- _SUPPLIED MATERIAL_
------------------------------
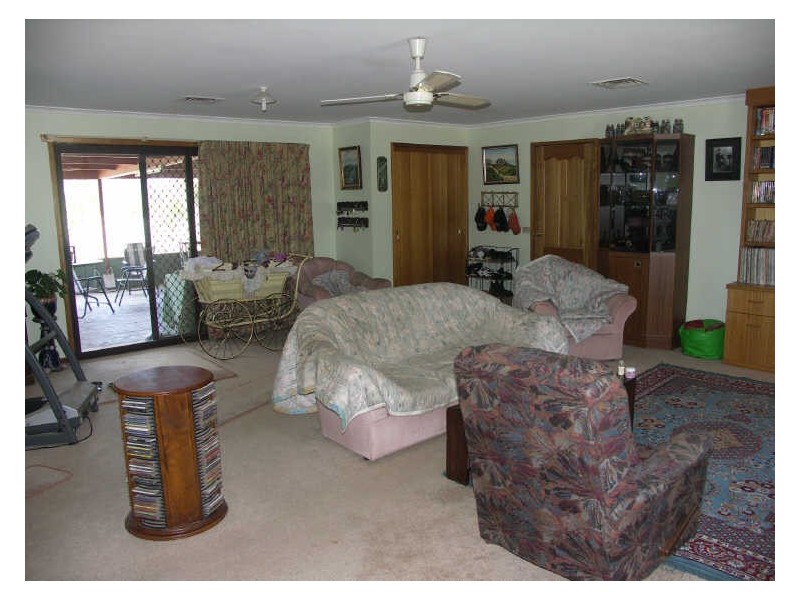 42 Racecourse Road, Benalla VIC 3672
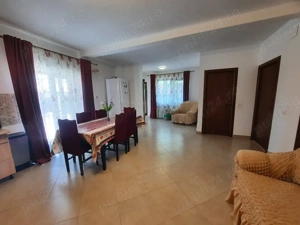 Casă de vanzare din cărămidă  - imagine 4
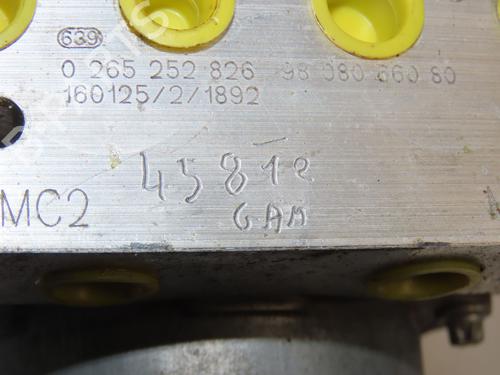 Used ABS pump PEUGEOT 5008 (0U_, 0E_) 1.6 BlueHDi 120 (120 hp) 15395374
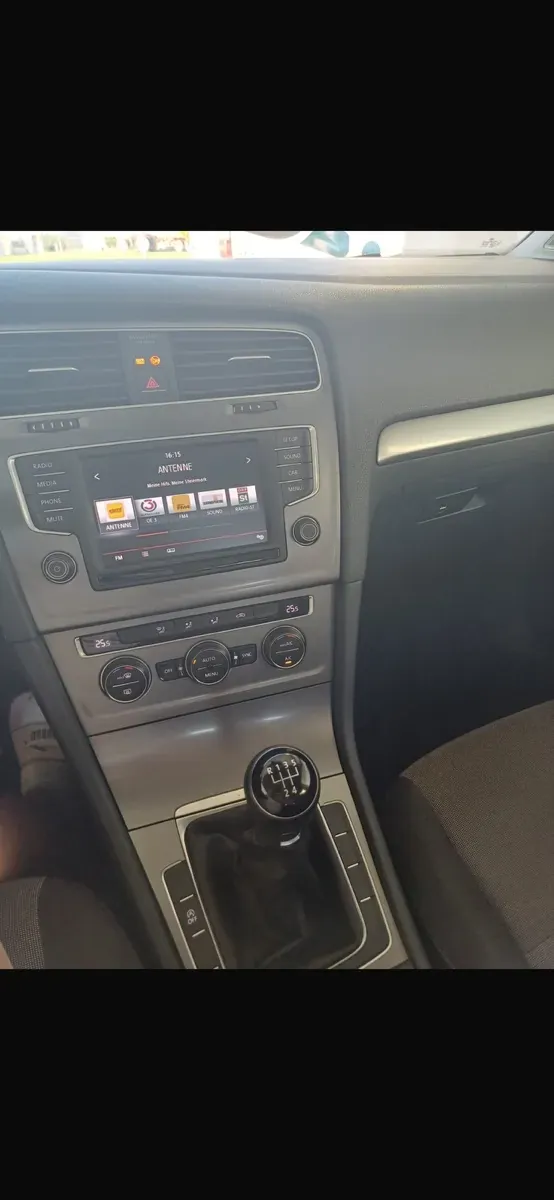 Volkswagen Golf 2015 photo 3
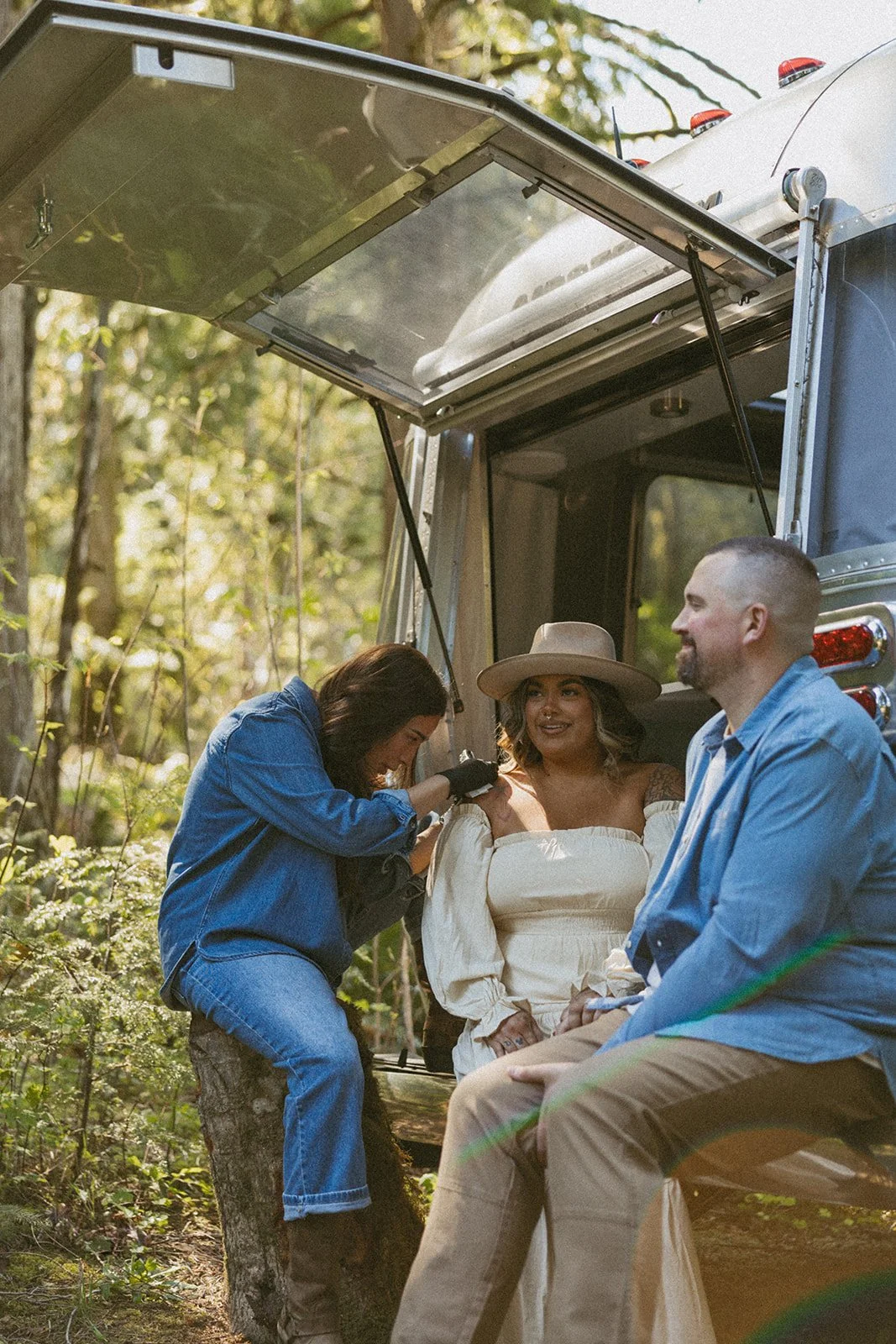 vow-renewal-mt-hood-oregon-highland-cow-farms-oregon-elopement-airstream-vintage-storytelling-dawn-photo-22.jpg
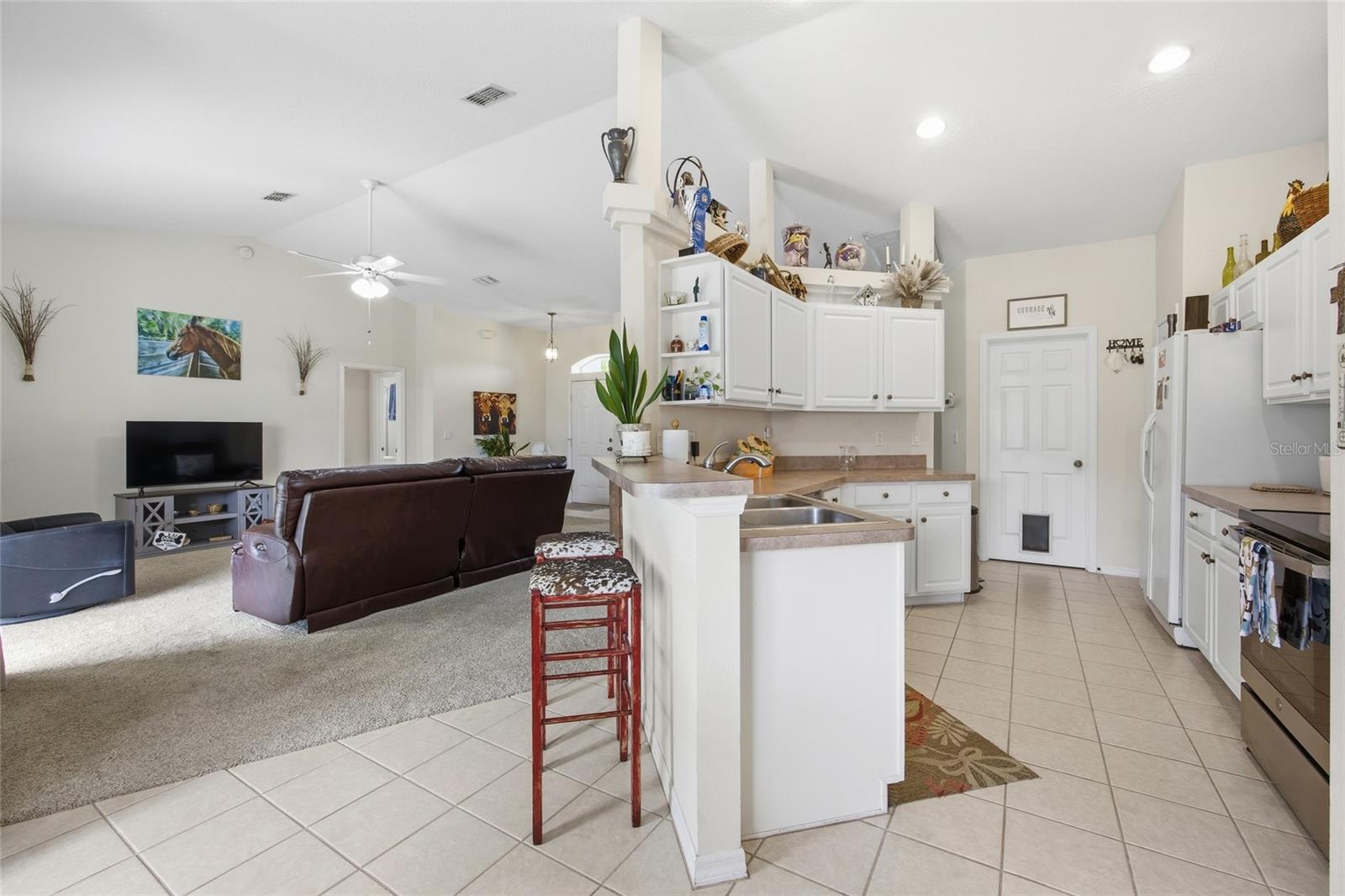 19630 SE 15TH PL, MORRISTON, FL — photo 17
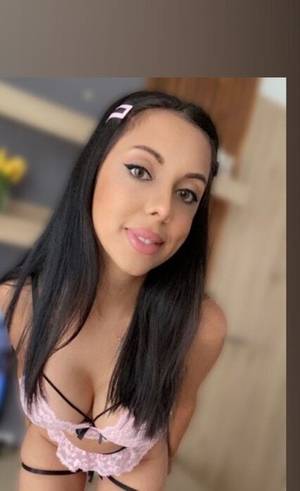 Izydiamoonnd profile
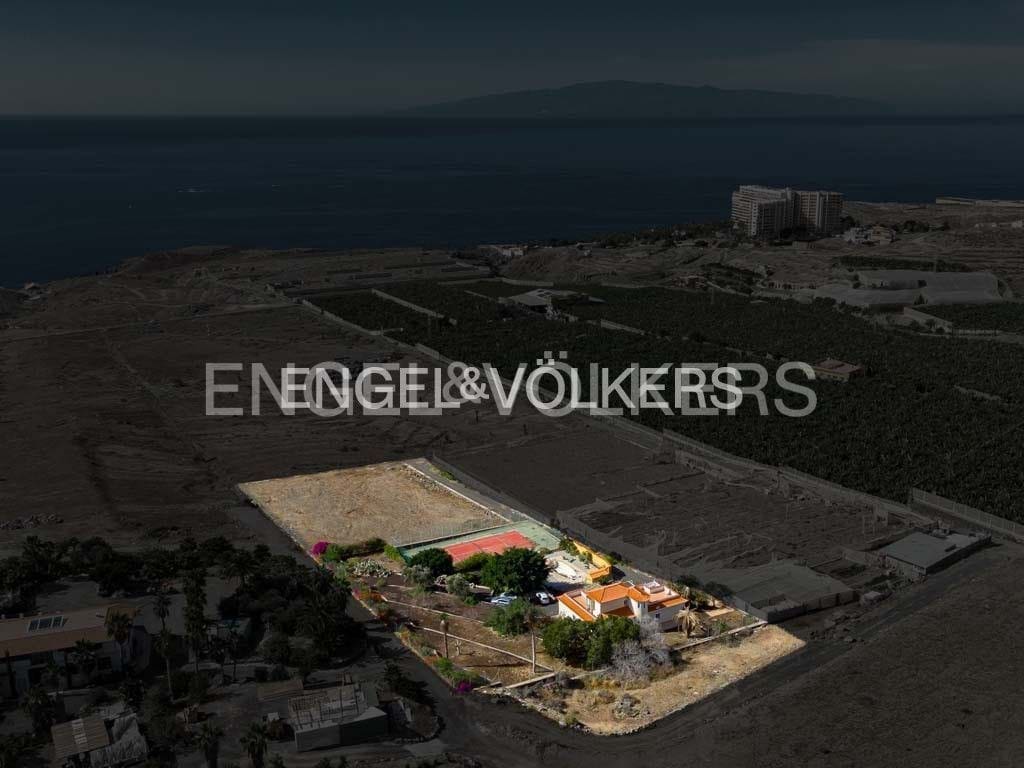 4 soveværelse Villa til salg i Marazul med swimmingpool garage - € 1.498.000 (Ref: 8031179)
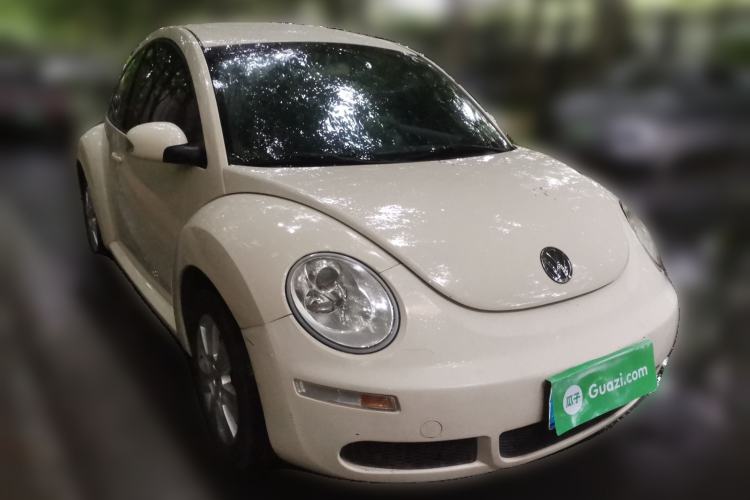 Used Volkswagen Beetle 2010 1.6 AT Front Right 45 Deg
------------------------------
- _WHAT TO WORK ON_
Please repeat all of the data exactly as it stands, leaving the pictures out.

- _REPLY TO THE TASK_
 42 Racecourse Road, Benalla VIC 3672
 Casă de vanzare din cărămidă  - imagine 4
 Used ABS pump PEUGEOT 5008 (0U_, 0E_) 1.6 BlueHDi 120 (120 hp) 15395374
 Volkswagen Golf 2015 photo 3
 vow-renewal-mt-hood-oregon-highland-cow-farms-oregon-elopement-airstream-vintage-storytelling-dawn-photo-22.jpg
 19630 SE 15TH PL, MORRISTON, FL — photo 17
 Izydiamoonnd profile
 4 soveværelse Villa til salg i Marazul med swimmingpool garage - € 1.498.000 (Ref: 8031179)
 Used Volkswagen Beetle 2010 1.6 AT Front Right 45 Deg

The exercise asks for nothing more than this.